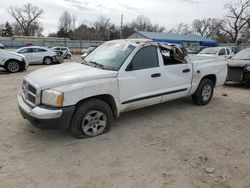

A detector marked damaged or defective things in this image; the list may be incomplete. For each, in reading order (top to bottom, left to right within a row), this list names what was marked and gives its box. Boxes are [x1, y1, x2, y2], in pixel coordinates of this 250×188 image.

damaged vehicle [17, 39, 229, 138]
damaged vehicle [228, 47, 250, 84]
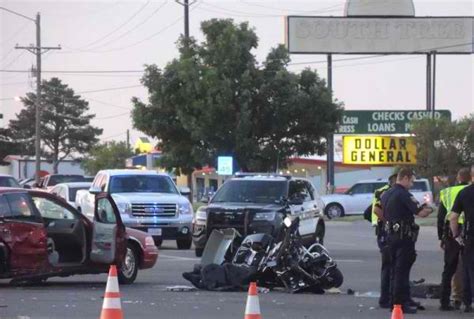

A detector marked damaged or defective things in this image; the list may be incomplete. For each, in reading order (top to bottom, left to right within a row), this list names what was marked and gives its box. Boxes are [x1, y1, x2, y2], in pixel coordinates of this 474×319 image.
* * *
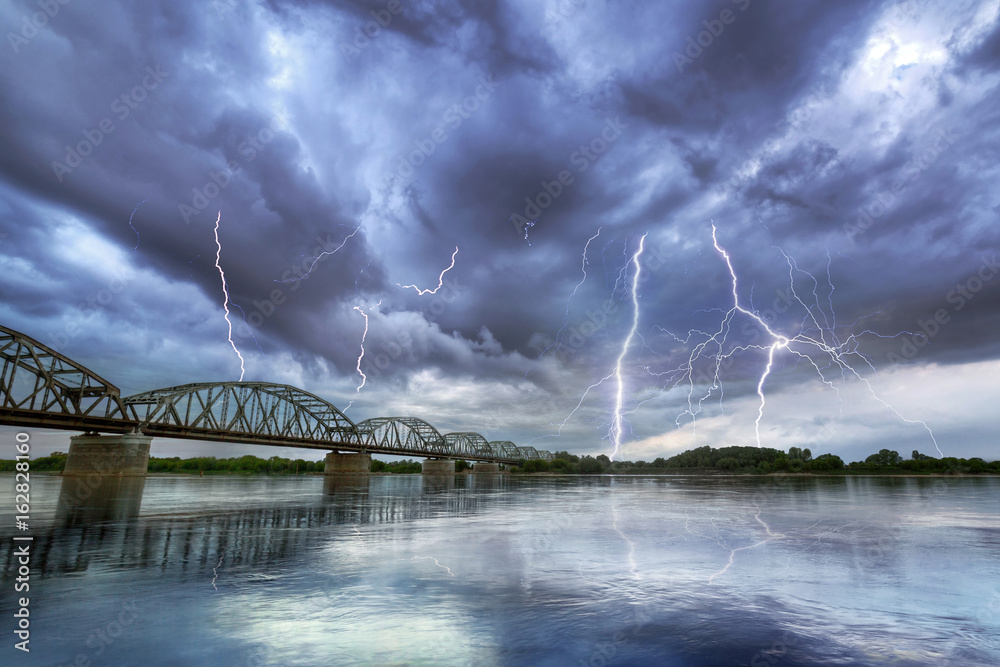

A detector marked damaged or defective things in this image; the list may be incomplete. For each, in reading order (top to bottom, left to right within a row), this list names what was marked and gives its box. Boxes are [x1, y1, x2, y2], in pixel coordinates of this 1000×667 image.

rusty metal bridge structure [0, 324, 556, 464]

-- Task to complete --
Repeat the lines above exactly, beginning with the one containing "this 250×188 image." and finishing with the one containing "this 474×319 image.". No pictures belong in the copy.

-- Output for this exercise --
A detector marked damaged or defective things in this image; the list may be incomplete. For each, in reading order (top to bottom, left to right within a row), this list names what was marked and gives its box. Boxes are [x1, y1, x2, y2], in pixel coordinates of this 250×188 image.

damaged vehicle [17, 39, 229, 138]
damaged vehicle [228, 47, 250, 84]

A detector marked damaged or defective things in this image; the list may be incomplete. For each, in reading order (top to bottom, left to right within a row), this list names what was marked and gives its box. Boxes are [x1, y1, x2, y2], in pixel coordinates of this 474×319 image.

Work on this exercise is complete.